Believe me, it’s very handy. I’ve been through it myself (albeit in a different context).
Before you rebel – no, I’m not encouraging you to share inboxes. That’s where I personally draw the imaginary red line.
But what in the case of the account sharing and more?
There are services for email aliases (e.g. Simplelogin) or in other words “masked email addresses”.
I’d like to go into this topic more in depth some next time, Dedicated SimpleLogin article already available; but briefly:
- You create an alias, for example with Simplelogin (which is a brand new email address).
- You pair it with one (or more!) target mailboxes
- You use the alias instead of your real email for the service
- When the alias receives an email (e.g. order confirmation), it will be forwarded to the paired addresses (i.e. both of you)
Bonus: if someone hacks the service or sells your email to spammers, you don’t have to worry about it because you just deactivate the alias – and nothing spammy ever reaches your inbox.
Is it possible to blend two people digitally into one even more? Rhetorical question..
My wife and I think a joint account is another must. Separating personal and family money is great.
Set up a bank account, add the other as a dispositor. There are also banks that can maintain explicit joint accounts.
Use the joint to pay the common – rent or mortgage, utilities, internet, food… To make sure you have for all that, set up direct standing orders from your personal accounts (right after payday). Keep your personal accounts for your own purchases. Well, just make up your own system.
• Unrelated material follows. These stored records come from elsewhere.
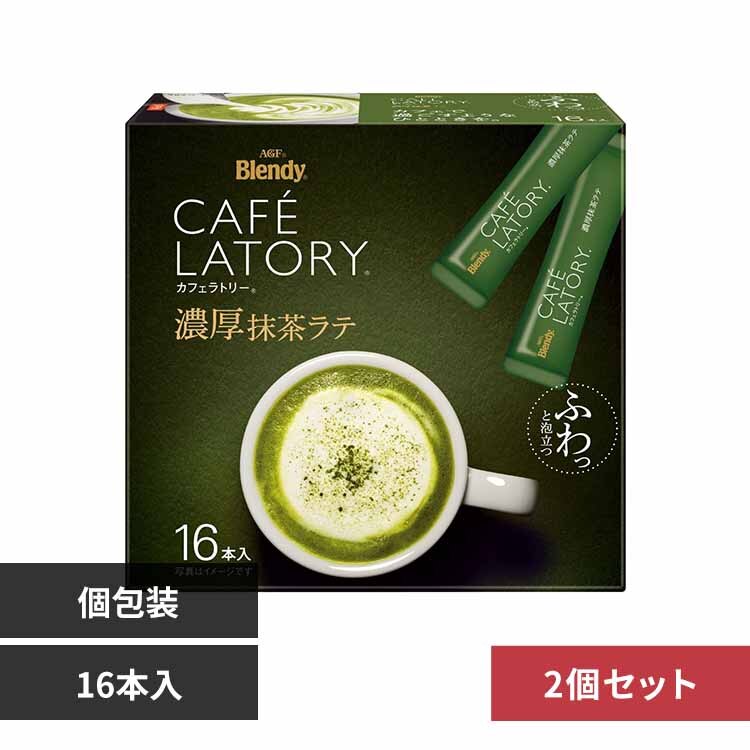 �y2�zAGF �u�����f�B �Z���������e 16�{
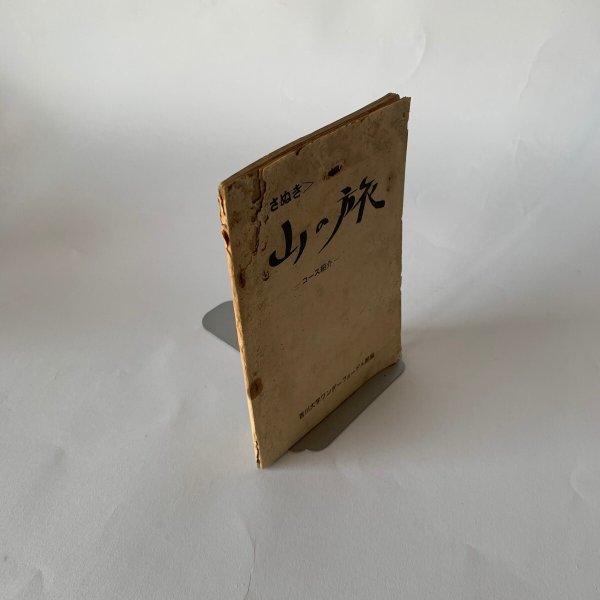 画像10: さぬき　山の旅　コース紹介　香川大学ワンダーフォーゲル部編 (10)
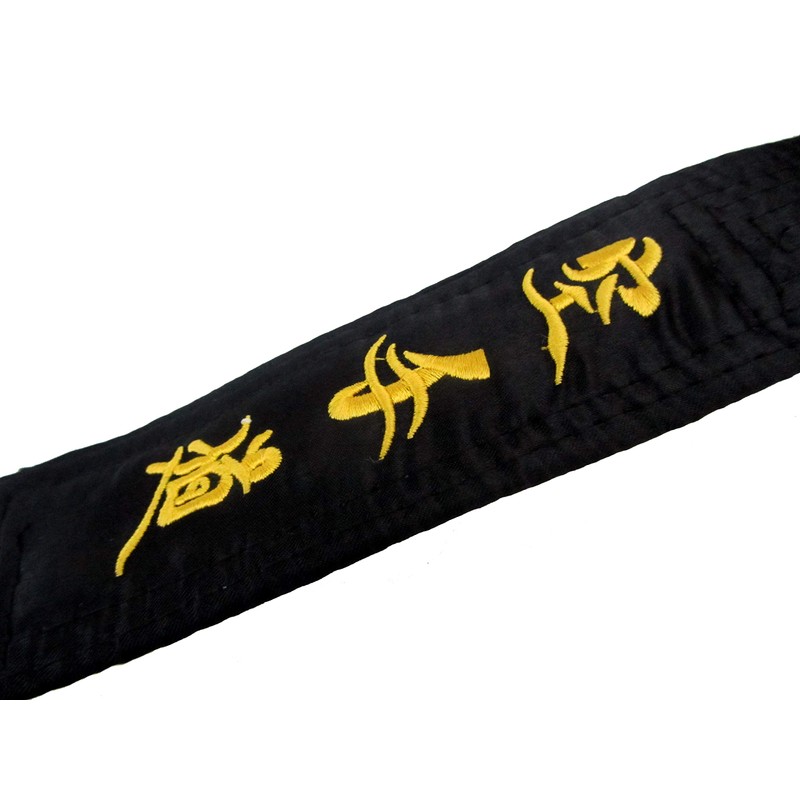 Karate Black Belt SATIN (MATSUMOTO) Embroidery in Japanese 300cm Kempo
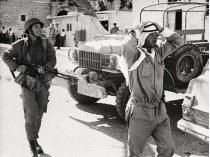 арабо-израильская война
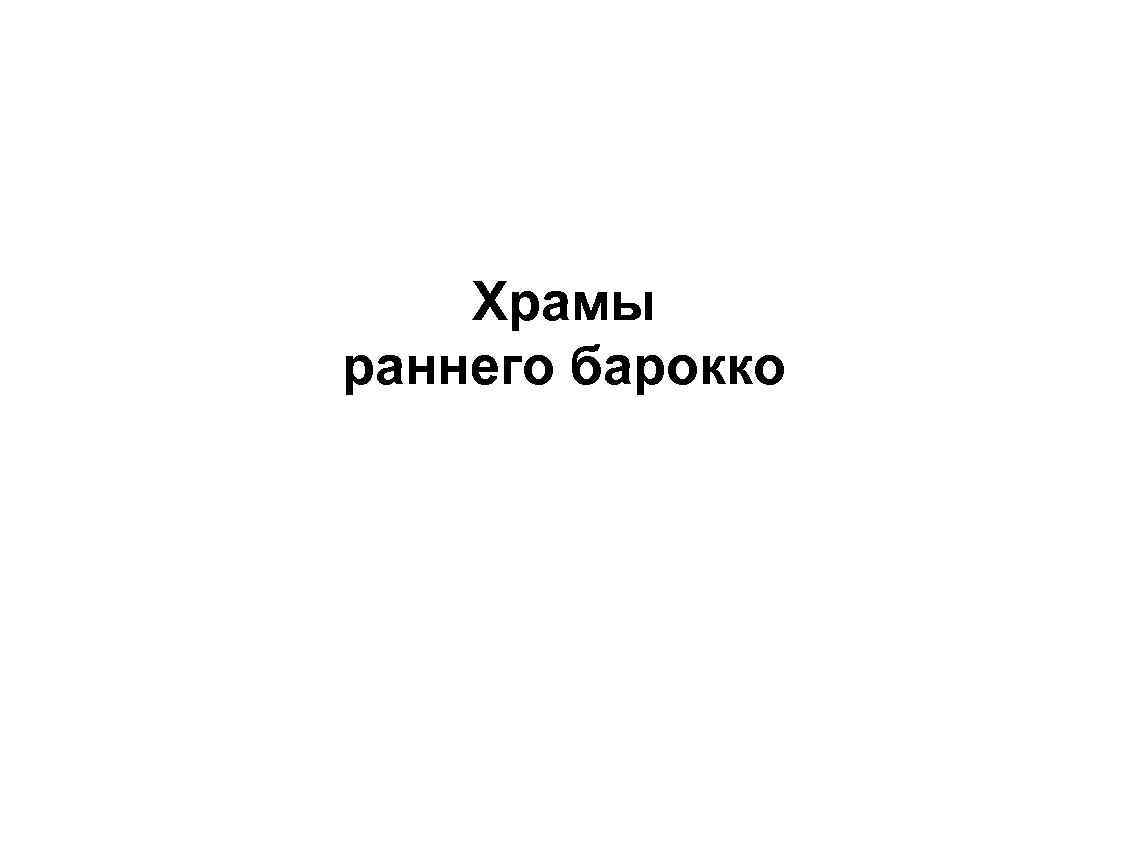 Храмы раннего барокко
What to do with the surplus in your account? Or how to collectively provide for your retirement, which is unlikely to be any significant?
There are plenty of investment platforms to choose from. But Portu pleasantly surprised me – it offers sending money from joint accounts, where the name of the registered person (with Portu) and the name of the account from which the money is sent do not necessarily need to match.
So much for the digital little things that make our family life easier. Feel free to be inspired.